My nature has always been the outdoorsy type. And when it's sunny outside, I want to be outside. But a day like today is better suited for something indoors. So I've been in my study all morning tooling around with some tunes that I've written. One song in particular I am working on now trying to find that right feel, that right rhythm, that right something to let this song stand on its own. Sometimes this process is more work than at others. If you want songs to all sound the same, then you can skip this process entirely. But something as simple as nuance, lyric choice, chord pattern, or melody can make or break a song.

While the sun is not shining, I will take this chance and use this opportunity to write, to make music, and compose. Who knows when I'll get this"indoor" day again?

Saturday, April 6, 2013

EMPTYNESS-T


I can't tell you how many times I've sat here looking out my front window.  Thinking.  This is where my laptop stays---for the most part.  Since I rarely take it with me anywhere, it sits in my study and, by such placement, offers me a vantage point to the street outside. 

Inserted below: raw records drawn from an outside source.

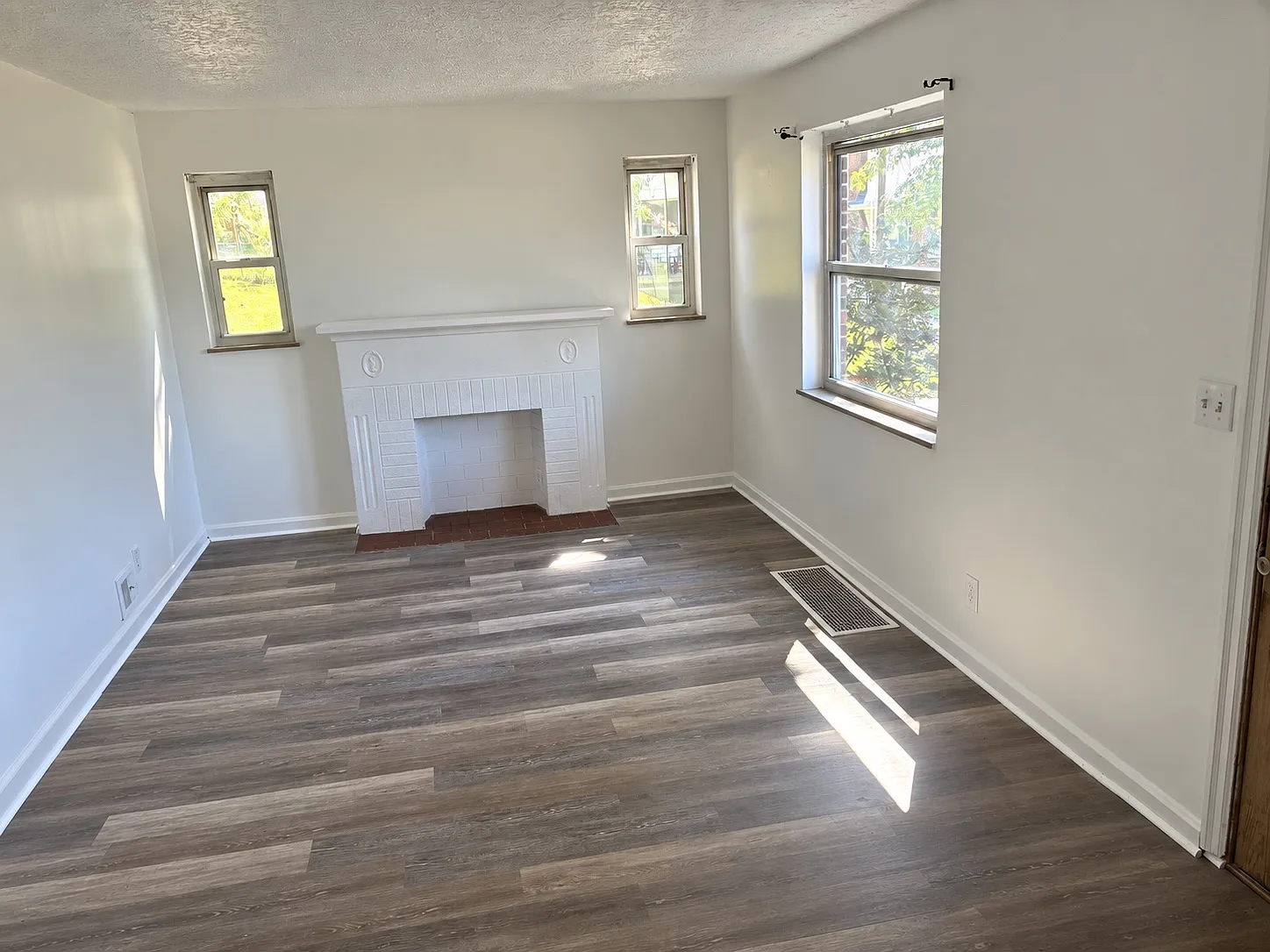 3 bed, 1231 sqft, $1,850 — Photo 1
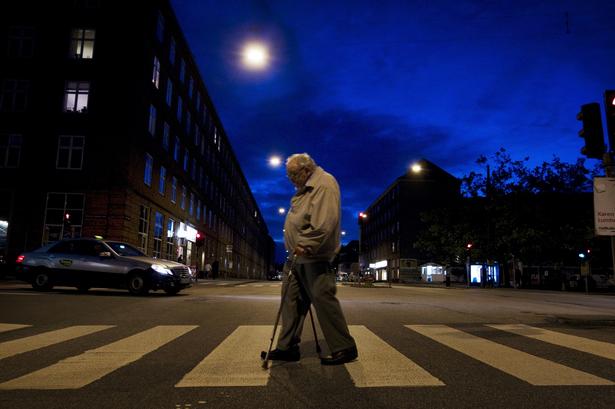 Anker Jørgensen på gåtur i Sydhavnen, hvor han boede det meste af sit liv. 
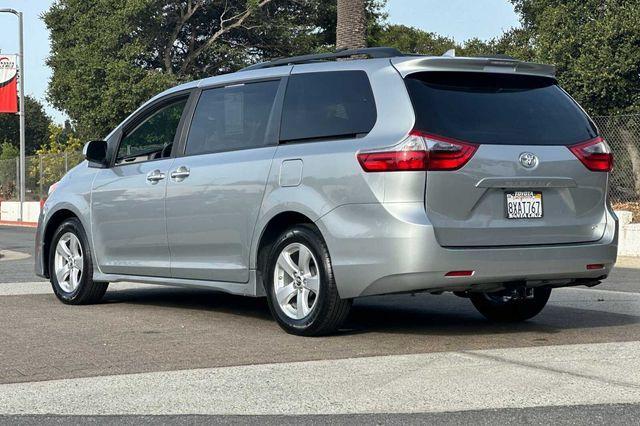 2020 toyota sienna le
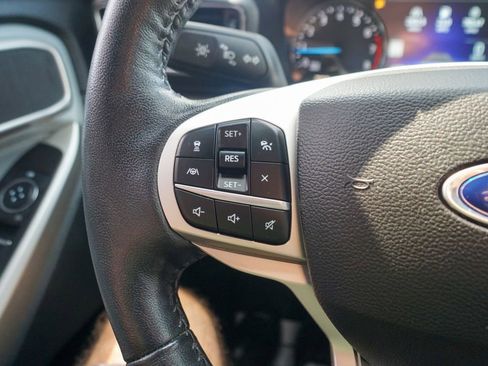 Used 2022 Ford Explorer XLT w/ Equipment Group 202A image 21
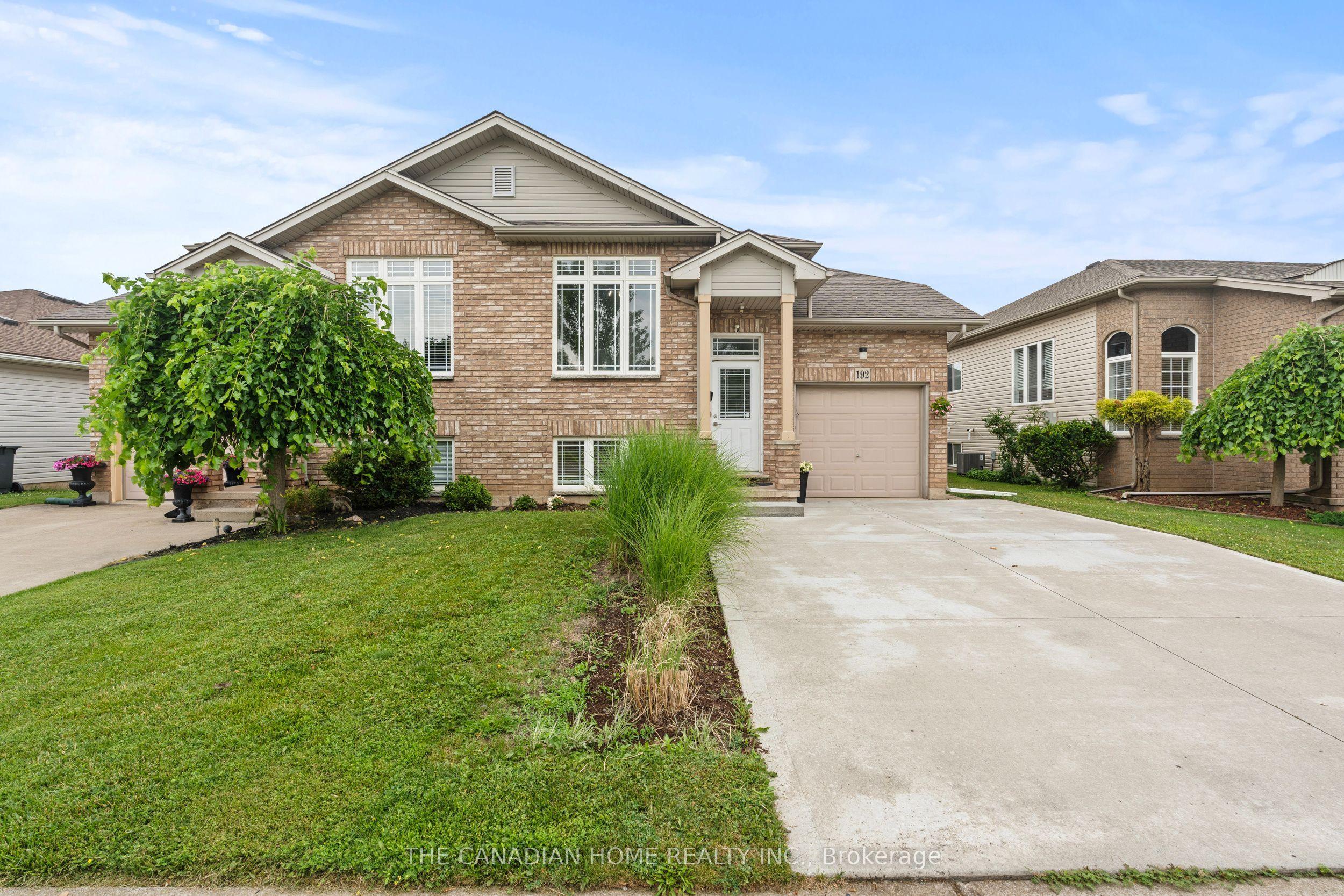 192 Oakcrest Avenue E, Welland, ON L3C 7K3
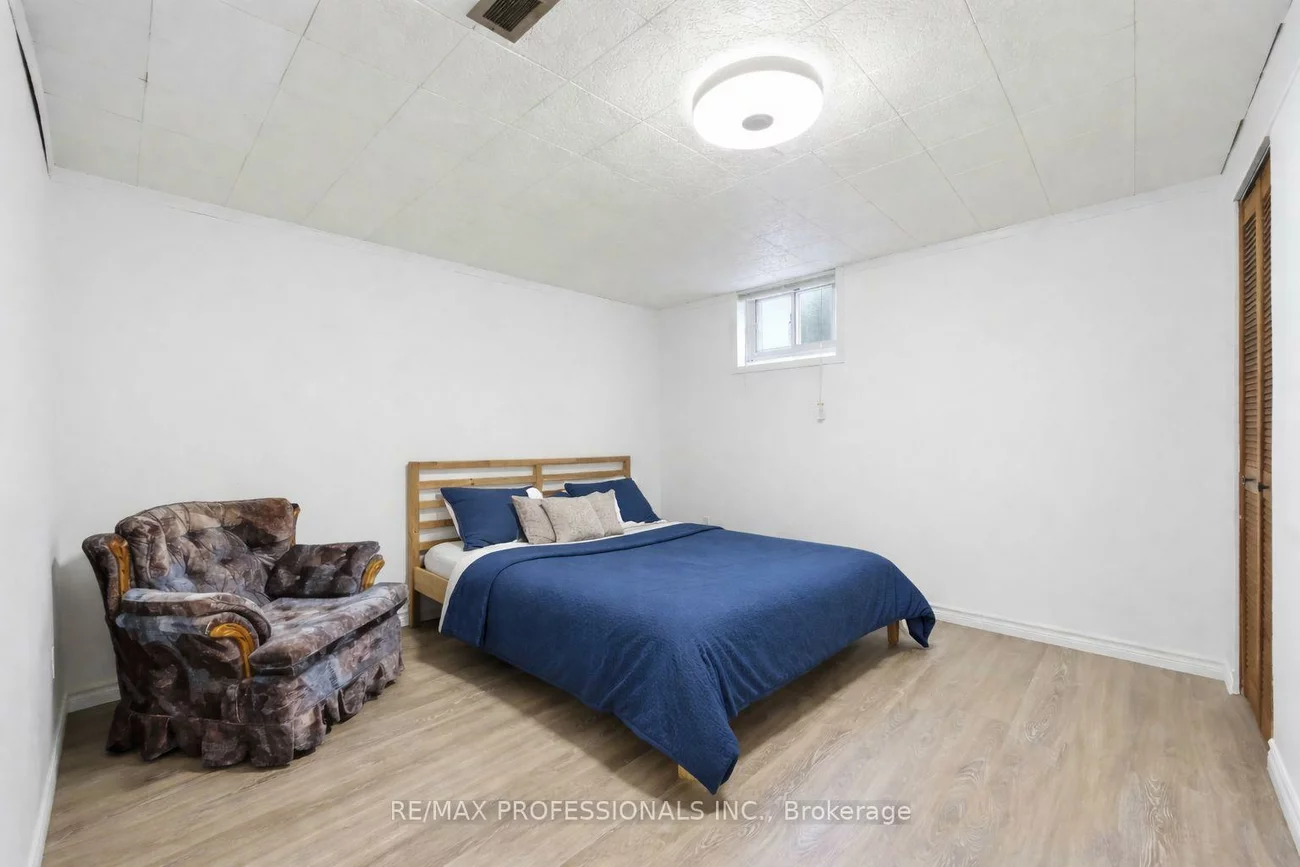 14, Dashwood, Thistletown-Beaumonde Heights, Toronto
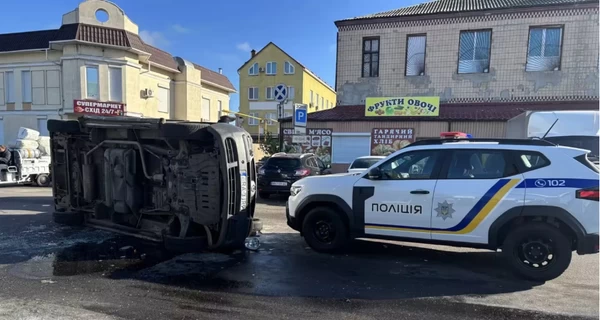 Перевернули бус, применили дубинки и слезоточивый газ - в Одесском ТЦК рассказали о нападении на их сотрудников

It's a great view, but nothing ever happens on this cul-de-sac.  The only cars coming down the street are the neighbors or the odd delivery vehicle.  Just to my east is a guy who works from home so the FedEx van visits there quite often.  There is an older couple that lives up the hill on the end.  Next to them is a retired single man with his dog who faithfully accompanies him on long daily walks.  I see them sometimes half-way to town.  He has a lot of time on his hands and the dog seems to love it.  To my left is a couple, kind of like us, with one child grown and out of the house and one still in school.  The single lady who moved in across the street has a twelve-year-old son who plays the saxophone and rides his motorcycle all around their adjoining pond, woods and two acre lot.  I seem to know my neighbors well enough, but like I said before, nothing ever happens on this cul-de-sac.  Not anymore.

Perhaps the gloom creeps in mostly when I think about the hot bed of activity our house was when the girls were still at home.  There was always band, choir, softball, soccer, church and school projects to keep us hopping.  I say "us" because parents play a strong role in all of these if you haven't heard.  We've lived so vicariously through our kids that by the time they are out on their own, we don't know how to live our own lives once again.  Things slow way down and the house seems very empty. 

Maybe that's it.  That's the culprit that won't come out of hiding and be identified.  Empty nest is a condition that deceptively hangs around longer than you first thought.  One, maybe two years and I'll have this thing licked, you say.  Then suddenly, out of nowhere, you hear laughter from a neighbor kid down the block and this happy sound echoes more vacantly than it should.  That is when you know for the hundredth time that your tiny window has passed.  That is when fears of irrelevance steal in.

It takes courage and strong will to let go of such thoughts and shape instead a future built on reality and hope.  The time is now and what is past is confidently sealed up in the trust that you raised them right and now they are soaring on into adulthood.  If you are a parent and not quite here yet, make the most of what is in front of you now.  If you are a parent and nodding your head with everything I have said---strong will and courage to us all.